A group of researchers used NPR host Will Shortz’s weekly puzzle segment to test AI models’ reasoning abilities.
Experts from several U.S. colleges and universities, supported by the startup Cursor, developed a universal AI benchmark using puzzles from Sunday Puzzle episodes. The study revealed intriguing insights, including the fact that chatbots sometimes “give up” and consciously provide incorrect answers.
Sunday Puzzle is a weekly radio quiz featuring logic and syntax-based riddles. No specialized knowledge is required to solve them—only critical thinking and reasoning skills.

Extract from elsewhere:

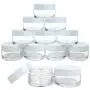 Beauticom 12 Pieces 20G/20ML Round Clear Jars with WHITE Lids for Lotion, Creams, Toners, Lip Balms, Makeup Samples - BPA Free
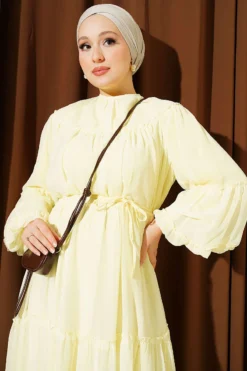 Alternative Ansicht von Ankle Elastic Tiered Chiffon Dress Yellow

Co-author Arjun Guha explained to TechCrunch that puzzles are effective tests because they don’t rely on obscure knowledge, and their structure makes it difficult for AI models to rely on “mechanical memory.”
“These puzzles are hard because it’s tough to make meaningful progress until you actually solve them—only then does everything click. They require a mix of intuition and elimination,” he said.
However, Guha noted the method’s limitations—Sunday Puzzle is designed for English speakers, and its questions are publicly available, meaning AI can “cheat.” Researchers plan to expand the benchmark, which currently consists of about 600 puzzles.
In testing, o1 and DeepSeek R1 significantly outperformed other models in reasoning. Leading AI models carefully verified their answers before responding, but the process took much longer than usual.

However, overall accuracy remained below 60%. Some models refused to solve the puzzles entirely. When DeepSeek’s AI couldn’t find the right answer, it wrote, “I give up,” before generating an incorrect response, seemingly chosen at random.
Other models repeatedly attempted to correct previous mistakes but still failed. Some got “stuck in thought loops,” generating gibberish, while others arrived at correct answers but later rejected them.

“In difficult cases, DeepSeek’s R1 literally says it’s ‘frustrated.’ It’s amusing to see a model mimic what a human might say. We still need to explore how ‘frustration’ in reasoning affects AI output quality,” Guha noted.
Previously, the researcher tested seven popular chatbots in a chess tournament—none managed to fully handle the game.